▸ **YOUR OBJECTIVE**:
Please print each entry below exactly as it stands, but without any pictures.

(Records excerpted from a collection)

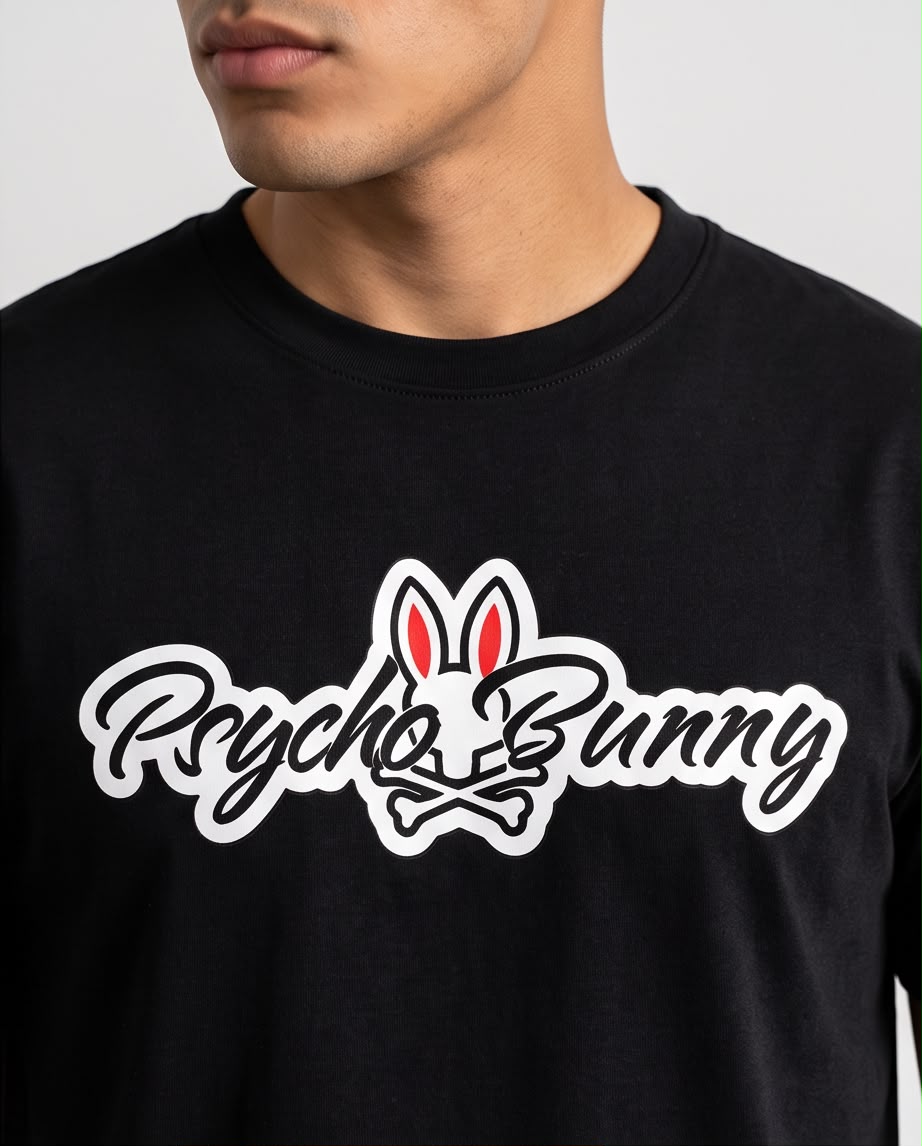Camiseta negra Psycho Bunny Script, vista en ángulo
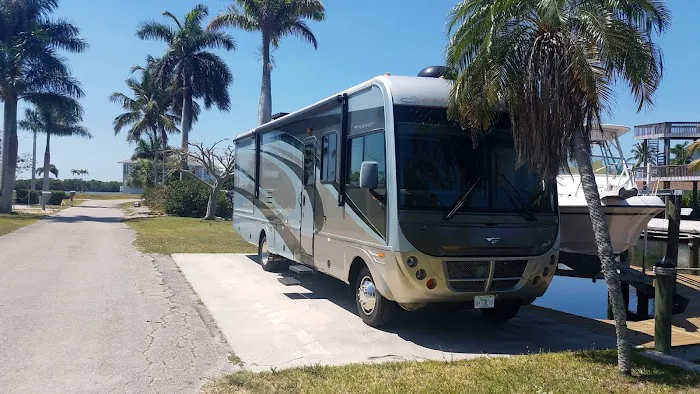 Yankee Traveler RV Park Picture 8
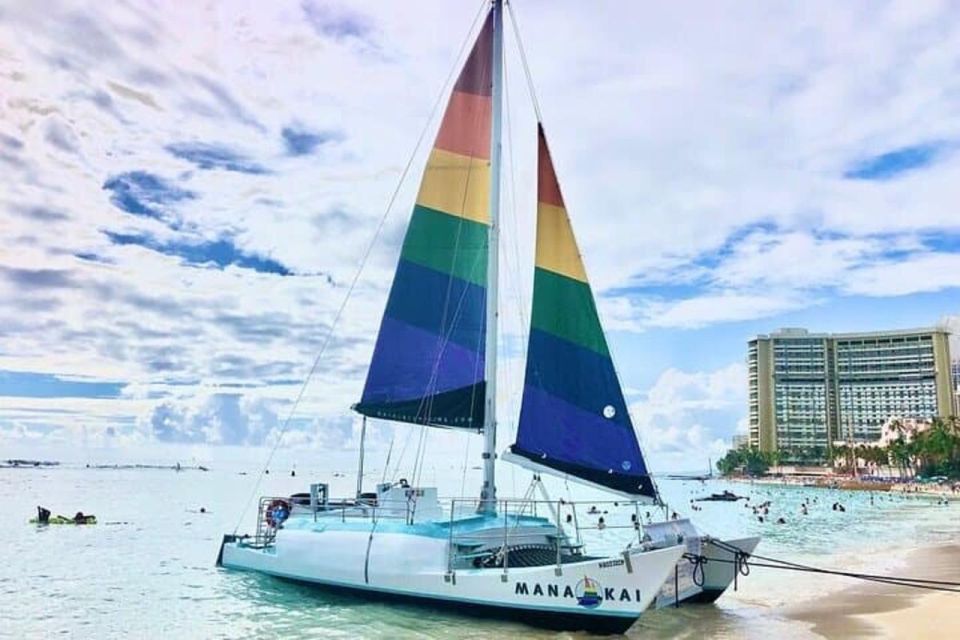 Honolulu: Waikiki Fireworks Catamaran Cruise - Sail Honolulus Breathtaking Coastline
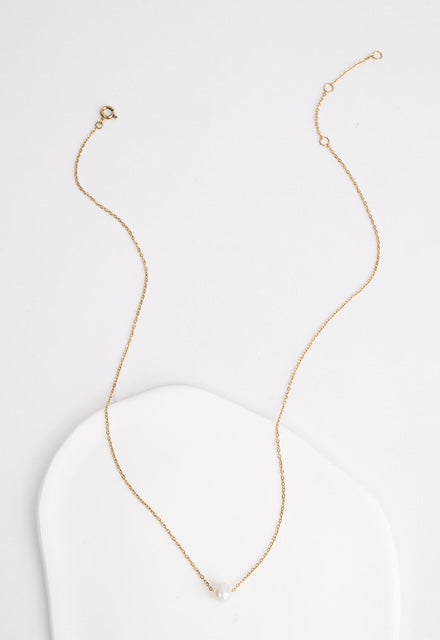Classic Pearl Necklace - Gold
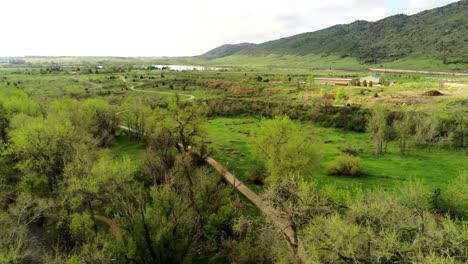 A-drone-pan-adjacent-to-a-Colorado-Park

▸ **THE ANSWER**:
Camiseta negra Psycho Bunny Script, vista en ángulo
 Yankee Traveler RV Park Picture 8
 Honolulu: Waikiki Fireworks Catamaran Cruise - Sail Honolulus Breathtaking Coastline
Classic Pearl Necklace - Gold
 A-drone-pan-adjacent-to-a-Colorado-Park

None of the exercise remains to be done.